====== Input for this task

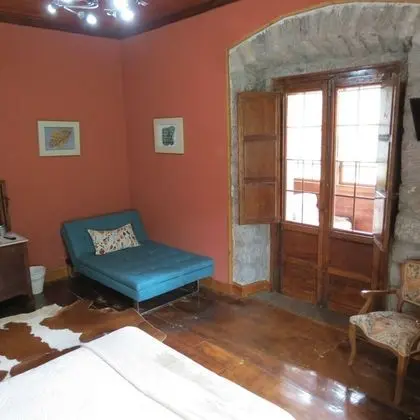 Tek Büyük Yataklı Oda, 1 Büyük (Queen) Boy Yatak ve Çekyat, Teras, Dağ Manzaralı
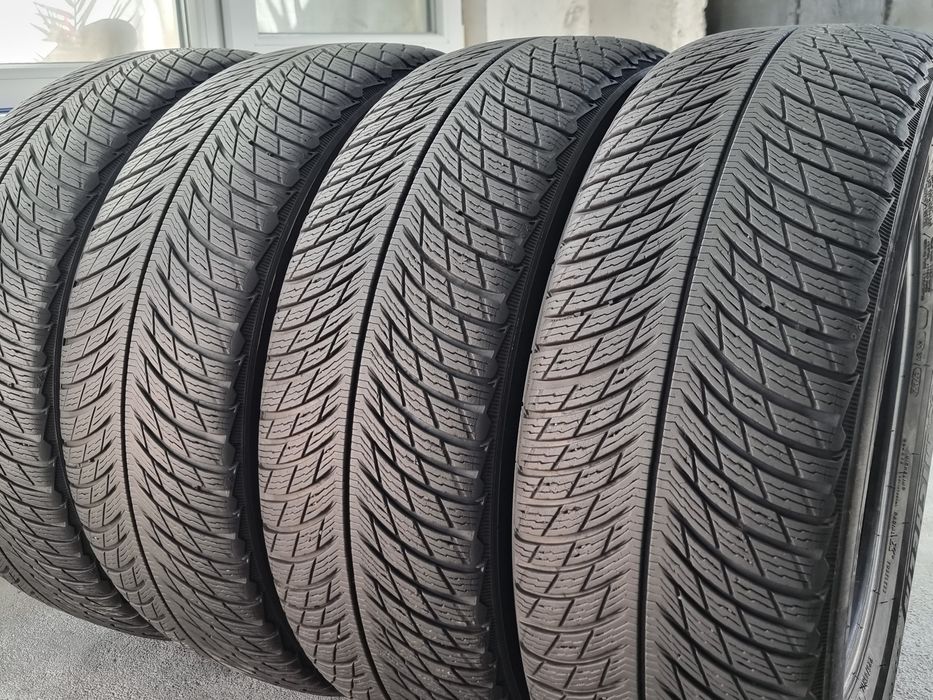 225/65/17 Michelin 4Броя: 300лв 6.5мм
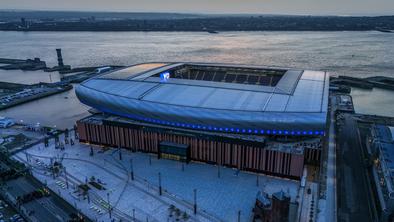 Na testni tekmi novega stadiona Evertona kar 10.000 gledalcev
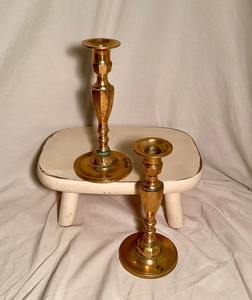 Candelabro de Latón Fundido Resistente para Velas de Pilar y Velas Cónicas, Decoración Duradera de Concreto, Único, Portavelas - Product Image 4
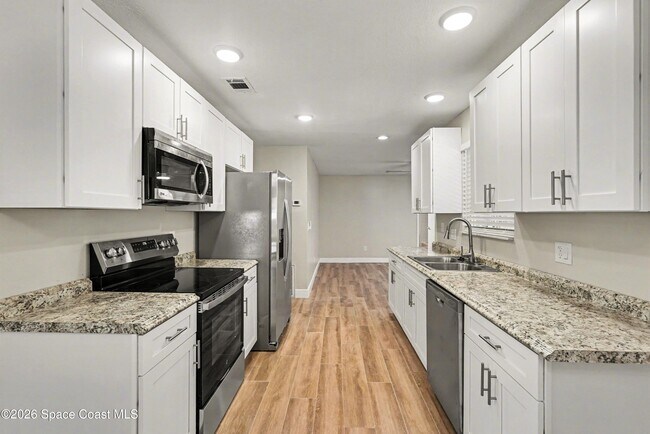 Building Photo - 320 Algiers Ave SE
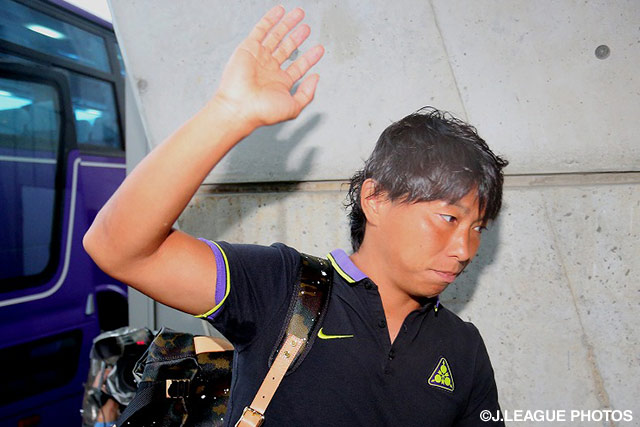 【明治安田Ｊ１ ２ｎｄ 第6節 広島vs鹿島】スタジアム入りする佐藤　寿人（広島）（4/18）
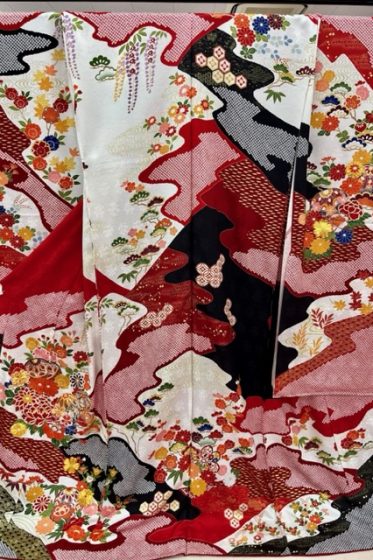 No.29-512902 正絹 赤 花柄｜成人式の振袖レンタルなら京都きもの友禅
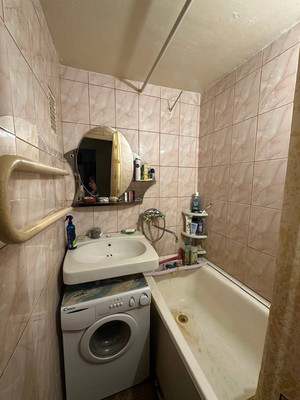 Продам трехкомнатную (3-комн.) квартиру, Левобережье мкр, 4, Яхрома г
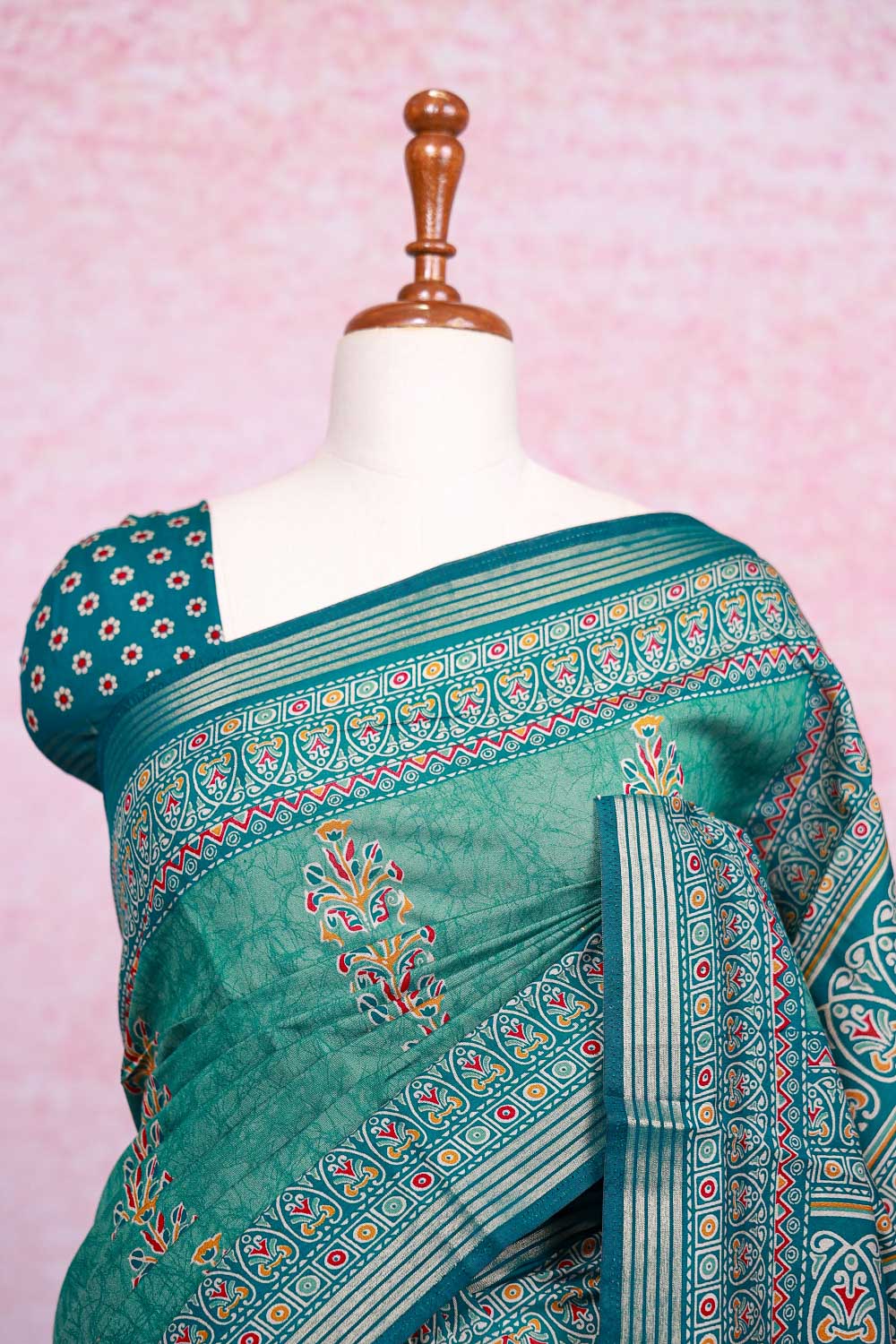 Green Soft Cotton Saree - Seematti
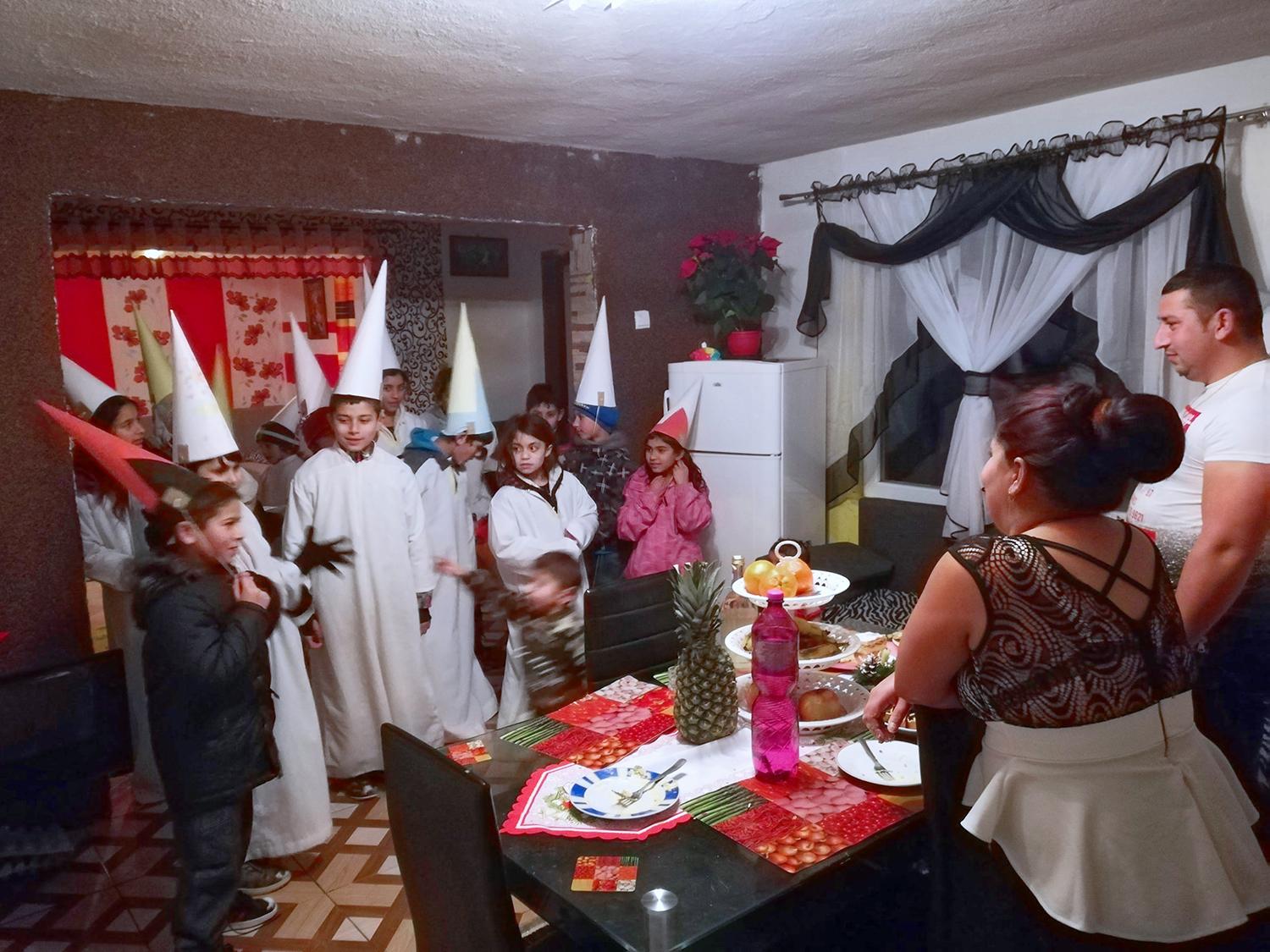 Rómski koledníci v Šarišskom Jastrabí: My máme, ale africké deti nemajú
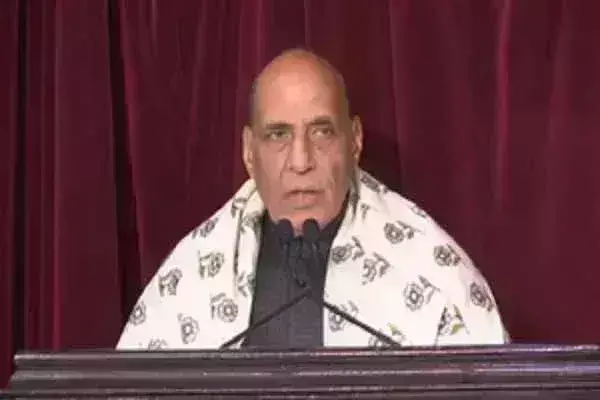 रक्षा मंत्री राजनाथ सिंह आज कारवार नौसैनिक अड्डे पर बुनियादी ढांचा परियोजनाओं का करेंगे उद्घाटन रक्षा मंत्री राजनाथ सिंह आज कारवार नौसैनिक अड्डे पर बुनियादी ढांचा परियोजनाओं का करेंगे उद्घाटन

============

- _Exercise instructions_: Please set down the lines from the one with "Green Soft Cotton Saree - Seematti" to the end of the entries above, exactly as they are, and drop every picture.

- _Task solution_:
 Green Soft Cotton Saree - Seematti
 Rómski koledníci v Šarišskom Jastrabí: My máme, ale africké deti nemajú
 रक्षा मंत्री राजनाथ सिंह आज कारवार नौसैनिक अड्डे पर बुनियादी ढांचा परियोजनाओं का करेंगे उद्घाटन रक्षा मंत्री राजनाथ सिंह आज कारवार नौसैनिक अड्डे पर बुनियादी ढांचा परियोजनाओं का करेंगे उद्घाटन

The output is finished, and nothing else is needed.